Air China Passenger Growth May Slow to 4.4% After Profit Slump

Source: Bloomberg News By Jasmine Wang

Air China Ltd. (753), the world's biggest airline by market value, predicted that passenger growth may slow to 4.4 percent this year after reporting a worse-than- expected decline in 2011 profit.

The carrier, including units, may fly 72.8 million travelers this year, compared with 69.7 million last year, it said in a Shanghai stock exchange filling late yesterday. Net income declined 41 percent last year to 7.08 billion yuan ($1.1 billion) under international accounting standards.

China's biggest international carrier expects passenger growth to cool from last year's 16 percent because of economic concerns in China, the U.S. and Europe. The company also faces rising fuel costs with prices having averaged about 10 percent higher in Singapore trading in 2012 than a year earlier.

"With capacity growth and weaker demand growth, the airline is likely to face difficulties in growing passenger yields," said Richard Wei, an analyst with UBS AG. "The rising jet-fuel price is also expected to hurt profit-margins further."

Profit may decline 20 percent this year, he said, before the earnings announcement.

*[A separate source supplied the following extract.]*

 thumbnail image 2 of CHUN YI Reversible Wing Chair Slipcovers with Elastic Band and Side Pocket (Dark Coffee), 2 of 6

Net income last year fell after the carrier's fuel expenses rose 44 percent to 34.7 billion yuan because of higher prices and increased flying.

Cathay Pacific Stake
The contribution from a stake in Cathay Pacific (293) Airways Ltd., Hong Kong's biggest carrier, also slumped 68 percent to 959 million yuan after year-earlier one-time gains. Air China holds about 30 percent of Cathay Pacific. The Hong Kong-based carrier also owns a stake in Air China.

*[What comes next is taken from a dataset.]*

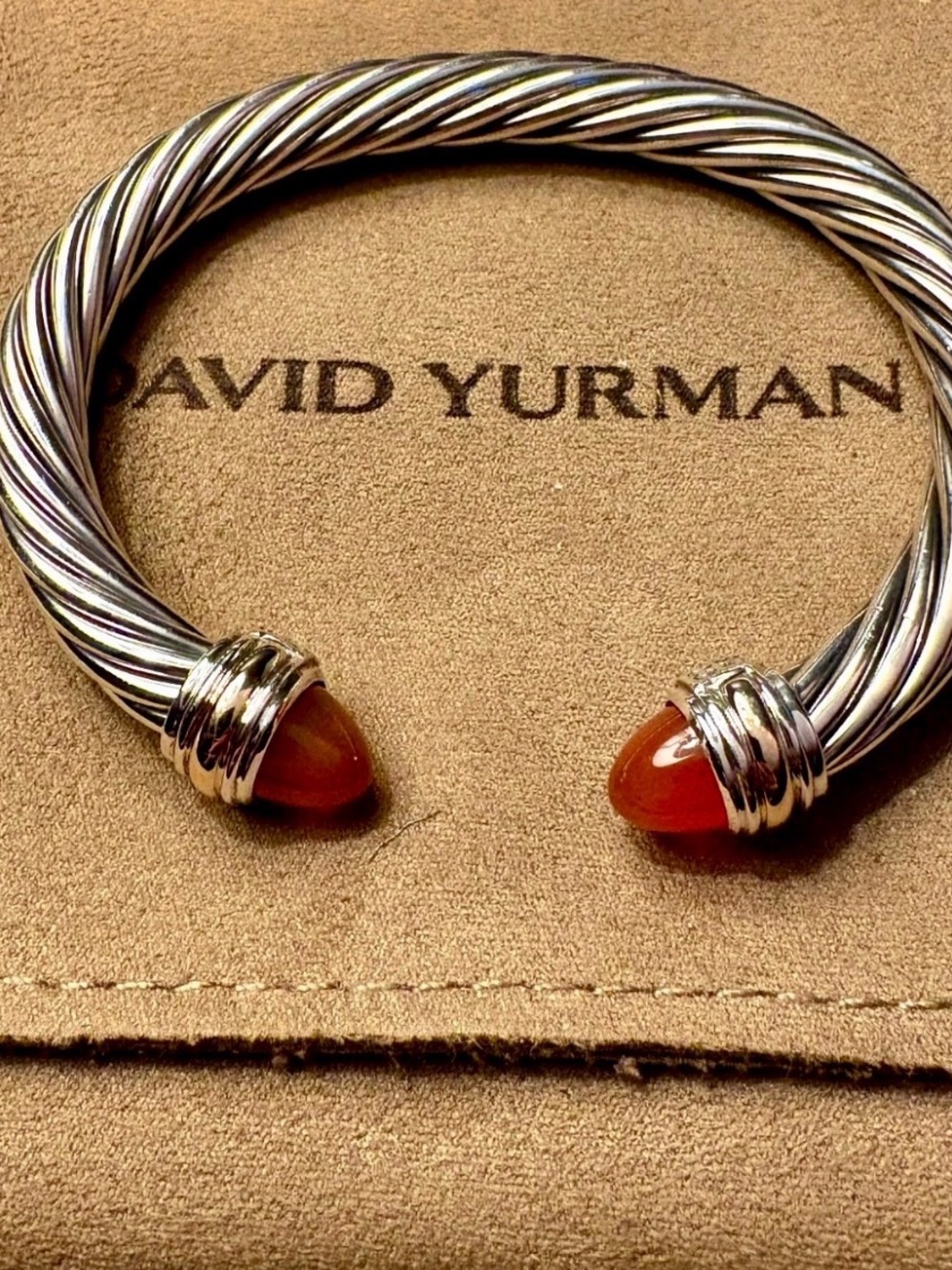 David Yurman Sterling Cable Cuff with Orange Stone Terminals - Picture 5 of 5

Air China's sales rose 19 percent last year to 98.4 billion yuan. Earnings per share fell to 0.58 yuan from 1.03 yuan. The carrier was expected to make a 2011 profit of 8.9 billion yuan, based on the average of eight analyst estimates compiled by Bloomberg.

The airline's groupwide yields, a measure of average fares, increased 6.3 percent to 0.68 yuan per revenue passenger kilometer, it said in a press release.

The carrier proposed a final dividend of 0.118 yuan a share, little changed from a year earlier. Its stock rose 0.8 percent to close at HK$5.12 yesterday in Hong Kong trading, before the earnings release.

The carrier has dropped 11 percent this year in Hong Kong. China Southern Airline Co. (1055), the nation's biggest by passenger numbers, has fallen by the same amount and China Eastern Airlines Corp. has declined 4.4 percent. The benchmark Hang Seng Index has gained 14 percent.

Air China, including units Air Macau and Shenzhen Airlines, filled 81.5 percent of seats last year with paying customers, an increase of 1.4 percentage points. On international routes, the load factor fell by 1.2 percentage points compared with a 2.8 percent rise on domestic routes.

The group fleet total 432 planes at the end of last year, according to a press release. That included 288 planes in the main Air China unit.